◆ **Directions for this task**
Return only the lines from the top of the data down to the one that holds "2011 DODGE Avenger", both included, without any pictures.

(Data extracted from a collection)
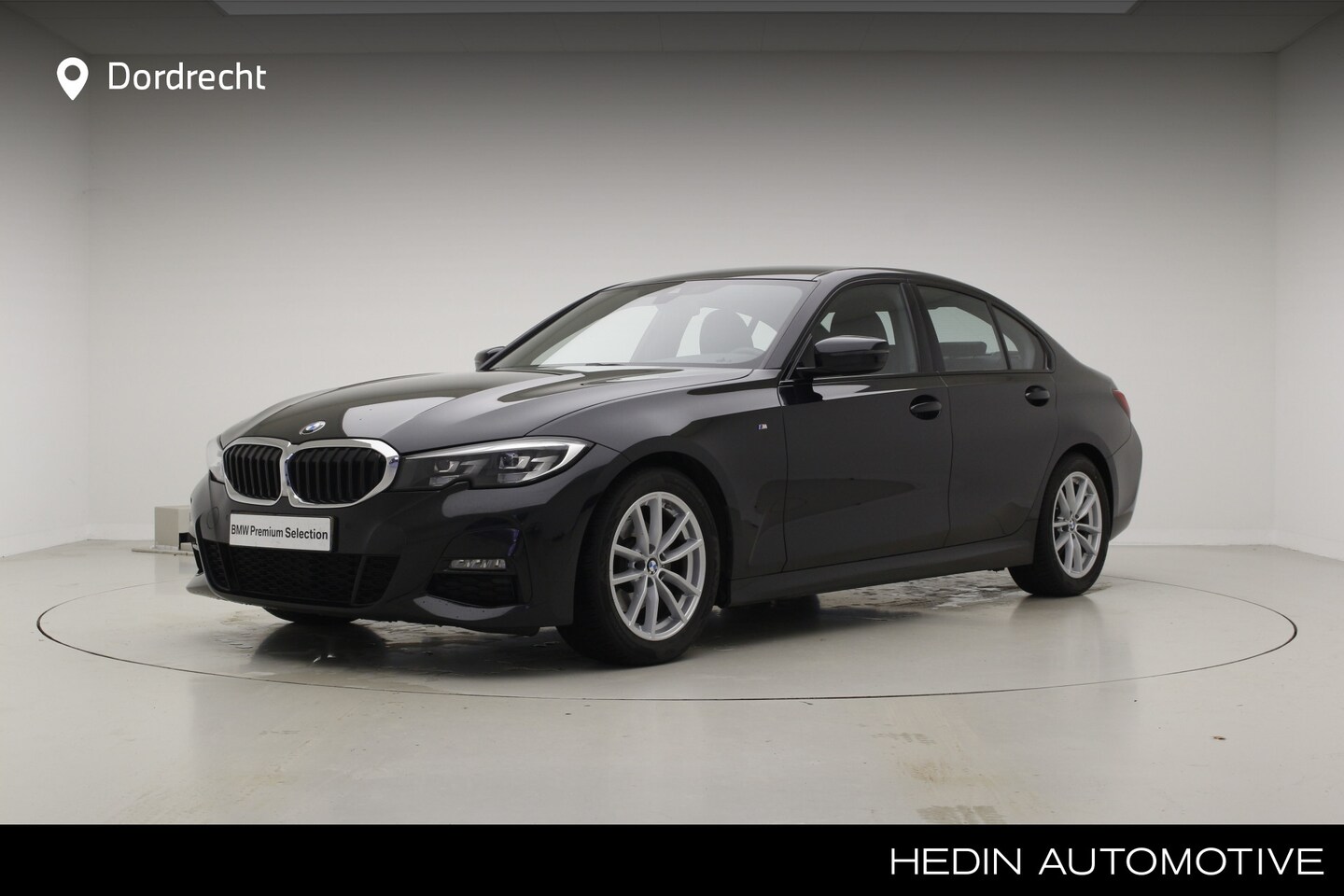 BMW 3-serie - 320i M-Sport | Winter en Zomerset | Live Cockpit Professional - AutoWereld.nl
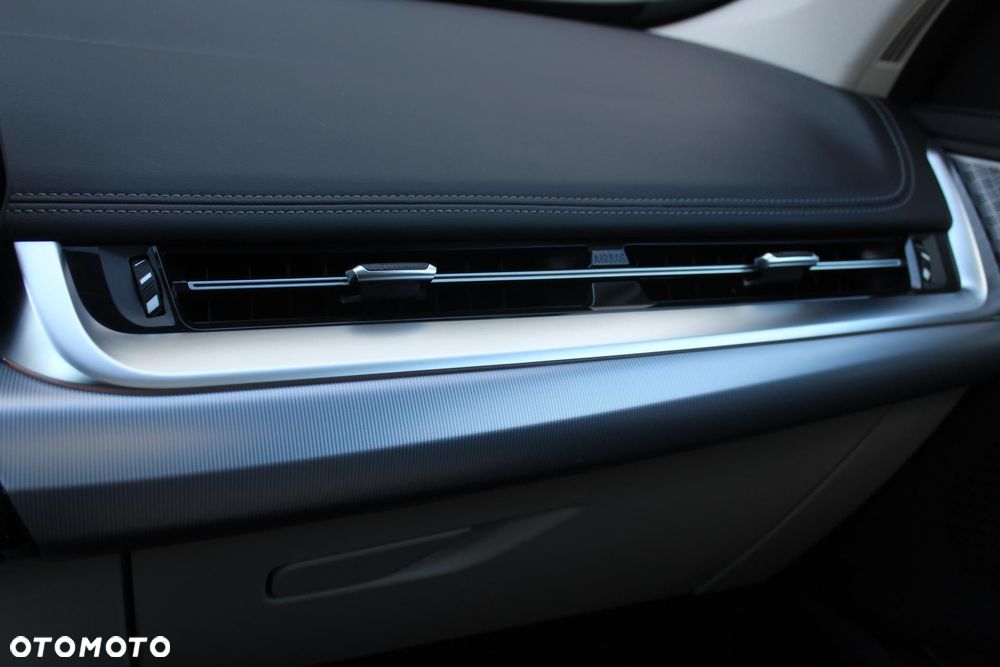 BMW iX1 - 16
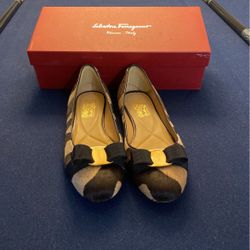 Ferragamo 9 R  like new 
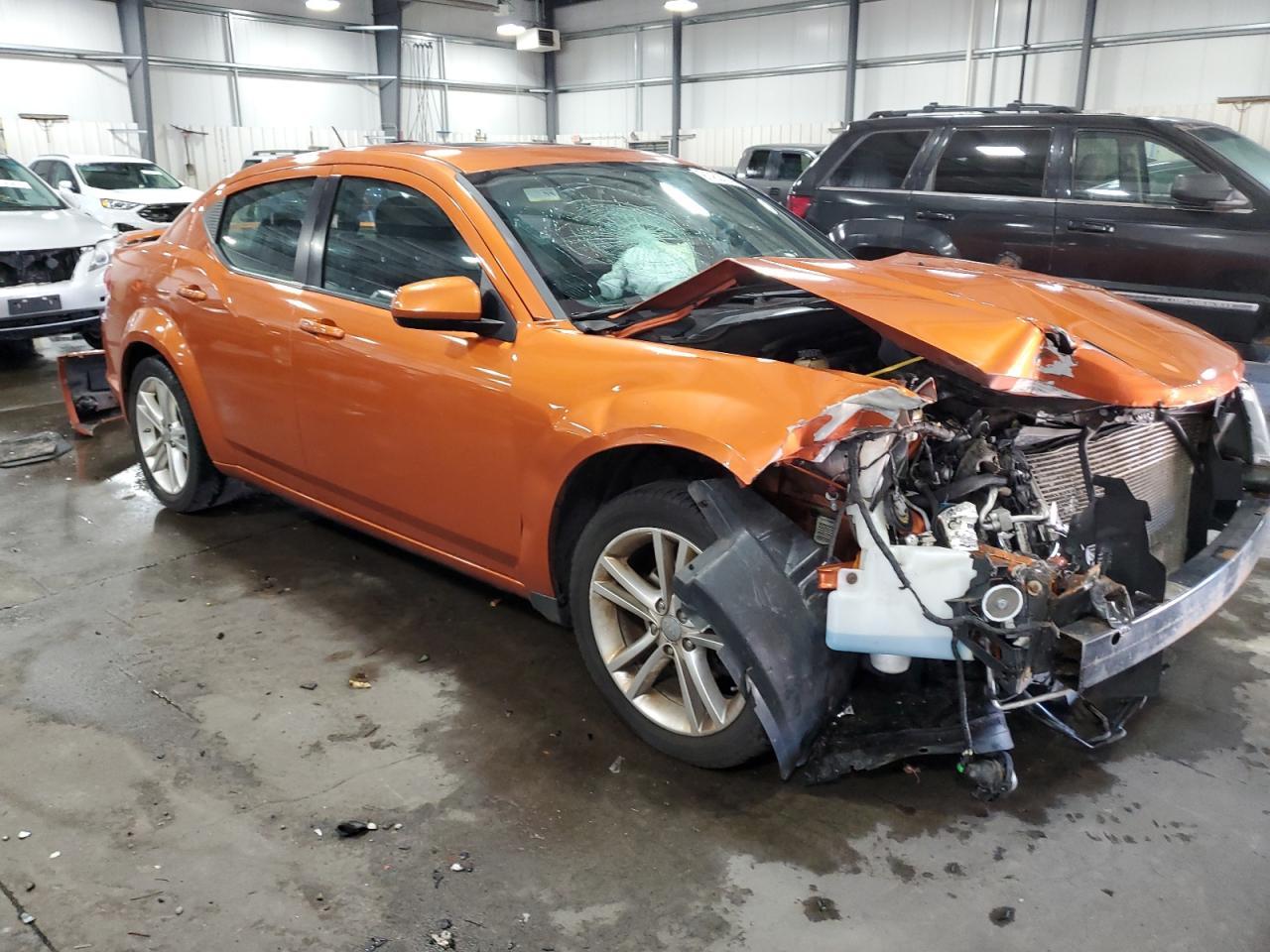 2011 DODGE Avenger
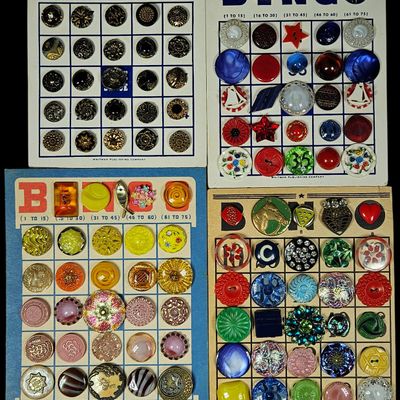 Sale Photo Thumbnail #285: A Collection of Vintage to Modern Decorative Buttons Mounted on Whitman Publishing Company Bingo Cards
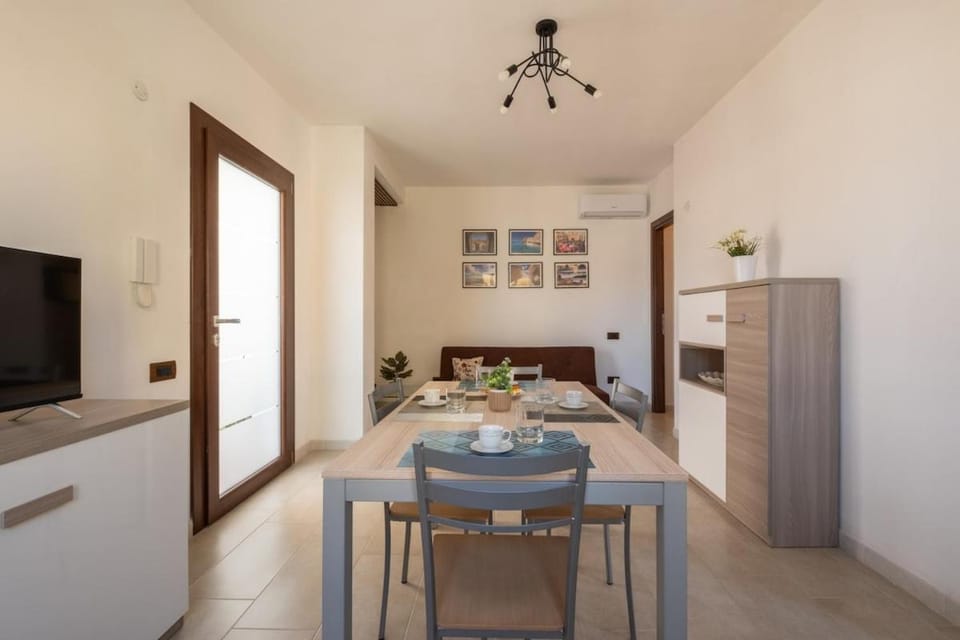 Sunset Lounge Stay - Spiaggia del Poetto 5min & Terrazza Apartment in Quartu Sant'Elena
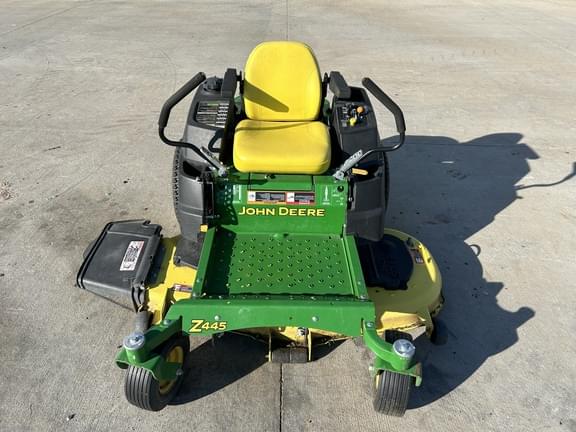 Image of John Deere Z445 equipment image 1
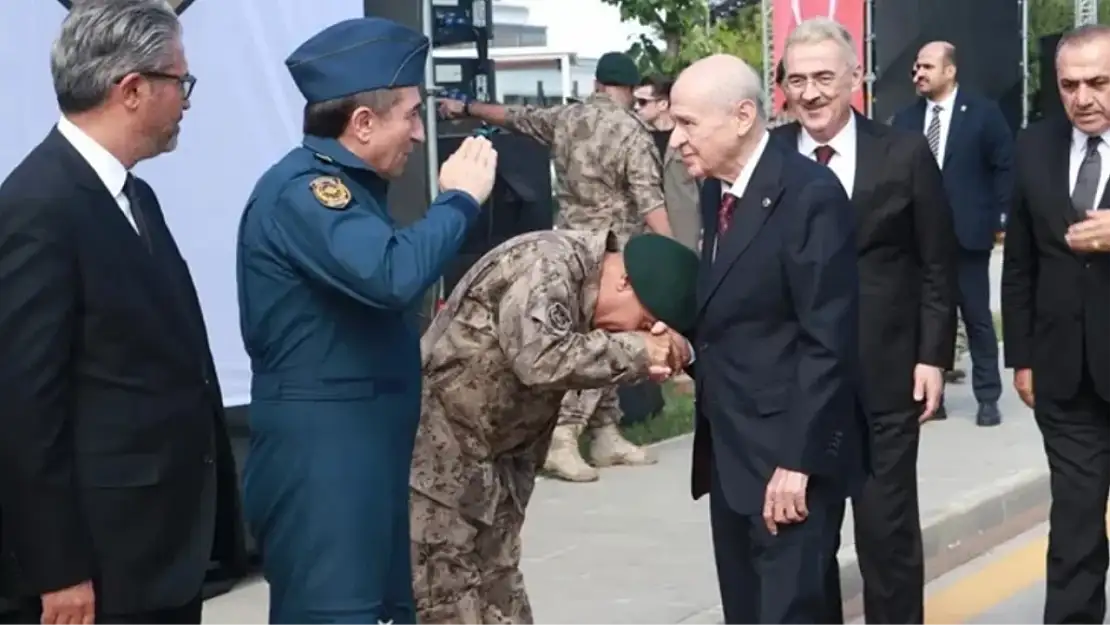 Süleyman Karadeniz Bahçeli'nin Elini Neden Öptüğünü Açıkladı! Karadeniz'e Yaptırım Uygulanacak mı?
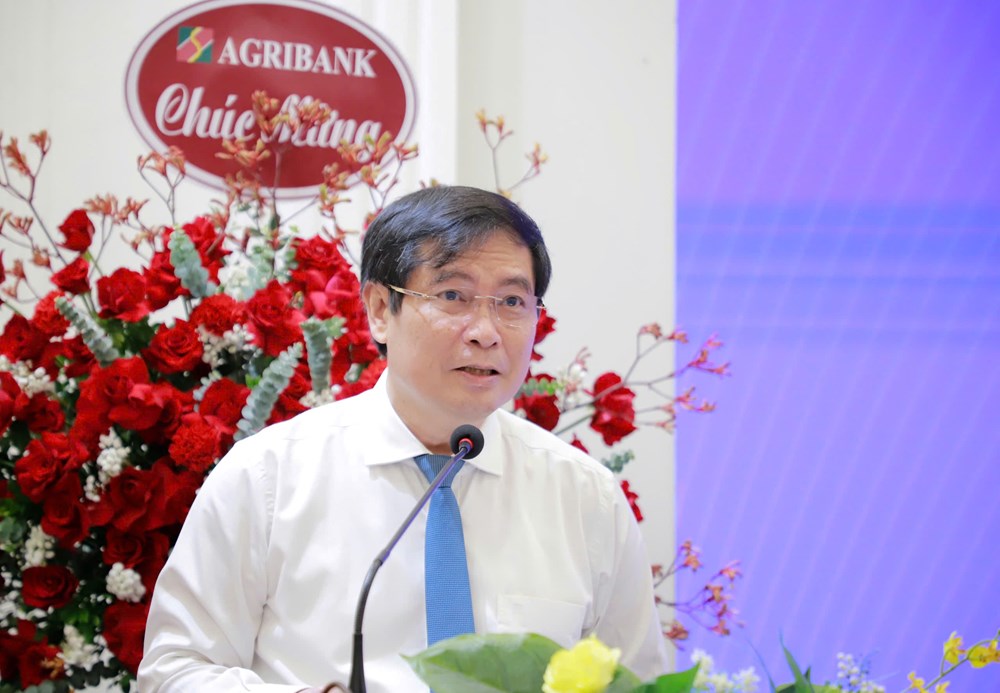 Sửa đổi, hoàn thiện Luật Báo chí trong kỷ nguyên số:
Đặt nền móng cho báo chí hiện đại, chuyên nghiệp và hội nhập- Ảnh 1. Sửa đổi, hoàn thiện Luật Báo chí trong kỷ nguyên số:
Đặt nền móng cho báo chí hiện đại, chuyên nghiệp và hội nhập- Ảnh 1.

◆ **Response**
 BMW 3-serie - 320i M-Sport | Winter en Zomerset | Live Cockpit Professional - AutoWereld.nl
 BMW iX1 - 16
 Ferragamo 9 R  like new 
 2011 DODGE Avenger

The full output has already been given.